Introduction
Determining the growth rate for real estate properties is crucial for buyers, sellers, and investors alike. In this blog post, we explore how to accurately estimate the growth rate for properties in Westlake Village, CA. After comprehensive analysis, we conclude that the Compound Annual Growth Rate (CAGR) for most properties likely falls between 4.58% and 6.03%.
Methodology
Data Source
We started with a dataset of 274 waterfront property listings from Westlake Village, CA, spanning from the year 2000 to 2023. The dataset includes various attributes such as the property address, closed price, list price, and others.
Data Cleaning
The first step was to clean the data, converting price columns to numerical formats and handling missing values to ensure accurate analysis.
Calculating the Growth Rate
We calculated the growth rate using two methods:
- Direct CAGR Calculation: This method used the average closed prices for the earliest and latest years available in our dataset.
CAGR=(Final ValueInitial Value)1Number of Years−1CAGR=(Initial ValueFinal Value)Number of Years1−1
- Linear Regression Model: This method involved fitting a linear regression model to the log-transformed average closed prices for each year.
python
import pandas as pd
import numpy as np
from sklearn.linear_model import LinearRegression
import matplotlib.pyplot as plt
# Load the dataset (replace with the path to your dataset)

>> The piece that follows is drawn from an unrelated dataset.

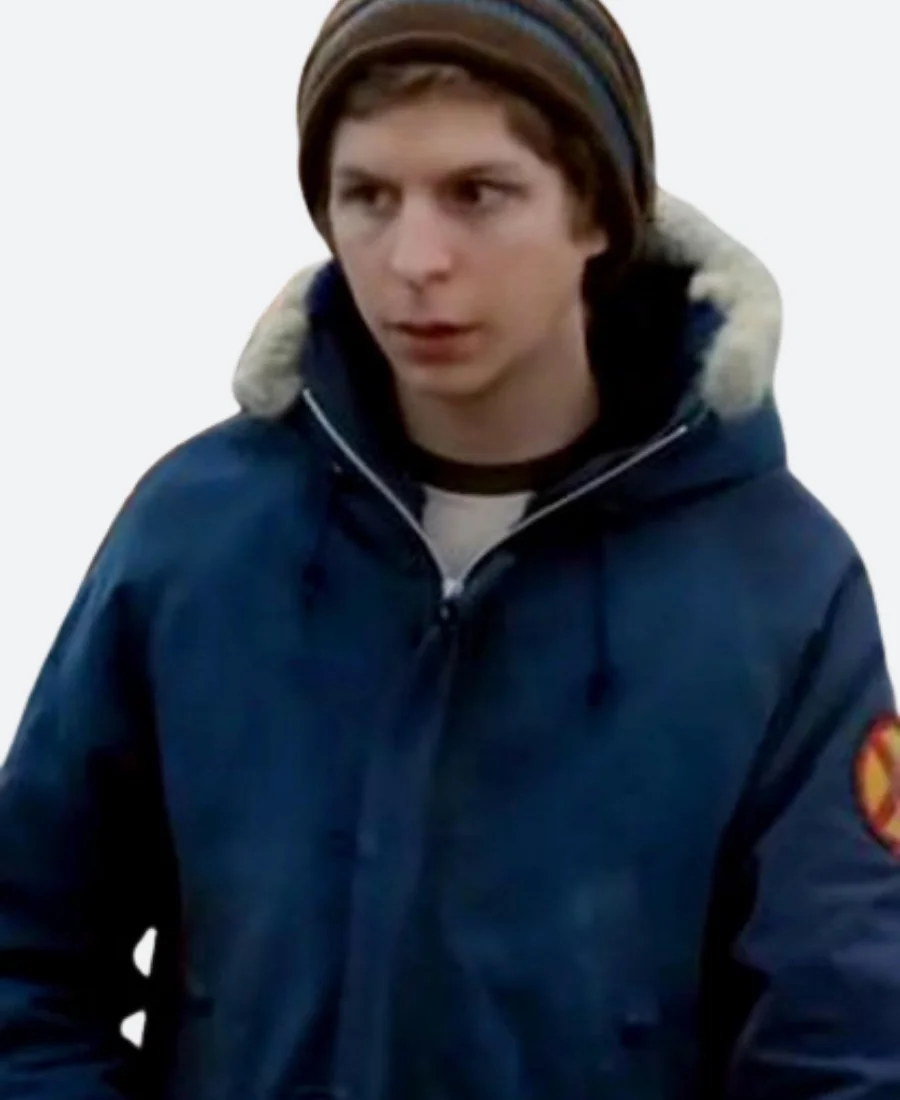 Scott Pilgrim Vs The World Hooded Jacket 4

df = pd.read_csv("path/to/yourdata.csv")
# Data Cleaning
df['Price'] = pd.to_numeric(df['Price'].str.replace('$', '').str.replace(',', ''), errors='coerce')

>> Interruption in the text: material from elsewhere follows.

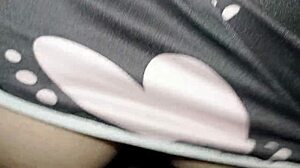 Perverted Stepsis Gets Cumshot on Horny Wet Ass!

df['Closed Price'] = pd.to_numeric(df['Closed Price'].str.replace('$', '').str.replace(',', ''), errors='coerce')
df['Closed Date'] = pd.to_datetime(df['Closed Date'], errors='coerce')
df['Approx SqFt'] = pd.to_numeric(df['Approx SqFt'].str.replace(',', ''), errors='coerce')
df.dropna(subset=['Price', 'Closed Price', 'Closed Date', 'Approx SqFt'], inplace=True)
# Extract the year from 'Closed Date'
df['Closed Year'] = df['Closed Date'].dt.year
# Direct CAGR Calculation
initial_value = df.groupby('Closed Year')['Closed Price'].mean().iloc[0]
final_value = df.groupby('Closed Year')['Closed Price'].mean().iloc[-1]
number_of_years = df['Closed Year'].max() - df['Closed Year'].min()
cagr_direct = ((final_value / initial_value) ** (1 / number_of_years)) - 1
# Linear Regression Model Growth Rate
X = df.groupby('Closed Year')['Closed Price'].mean().reset_index()['Closed Year'].values.reshape(-1, 1)
y = np.log(df.groupby('Closed Year')['Closed Price'].mean().values) # We take the log to linearize the problem
model = LinearRegression()
model.fit(X, y)
cagr_lr = np.exp(model.coef_[0]) - 1
print(f"Direct CAGR Calculation: {cagr_direct * 100:.2f}%")
print(f"Linear Regression Model Growth Rate: {cagr_lr * 100:.2f}%")
# Optional: Plotting for visualization
plt.scatter(X, y, color='blue', label='Actual log(Price)')
plt.plot(X, model.predict(X), color='red', linewidth=3, label='Predicted log(Price)')
plt.xlabel('Year')
plt.ylabel('log(Average Closed Price)')
plt.title('Year vs log(Average Closed Price)')
plt.legend()
plt.grid(True)
plt.show()
Both methods have their pros and cons. The direct calculation assumes a constant growth rate over the years, while the linear regression model captures yearly fluctuations better.
Findings
CAGR Rates
- Direct CAGR Calculation: 6.03%
- Linear Regression Model: 4.58%
Examples
We selected two properties to illustrate how these rates would impact their future and past values:
Example 1:
- Closed Price: $1,610,000
- Future Value using 6.03% CAGR: $2,157,785 (approx)
- Future Value using 4.58% CAGR: $2,014,278 (approx)
- Actual Average Past Price in Similar Properties: $959,067
Example 2:
- Closed Price: $2,500,000
- Future Value using 6.03% CAGR: $3,350,598 (approx)
- Future Value using 4.58% CAGR: $3,127,760 (approx)
- Actual Average Past Price in Similar Properties: $767,730
Validation
We compared the past values calculated using both CAGR rates with the actual average closed prices of similar properties from 5 years ago. The calculated past values were closer to the actual past prices, suggesting that both rates have some validity.
Conclusion
After rigorous analysis, we believe that the growth rate for most properties in Westlake Village, CA, lies between 4.58% and 6.03%. While both methods provided valuable insights, it’s likely that the true growth rate is somewhere between these two figures. This range provides a useful guideline for anyone interested in the real estate market in Westlake Village.
By considering multiple methods and validating against past data, we’ve arrived at a more nuanced and reliable estimate of the property growth rate in this area.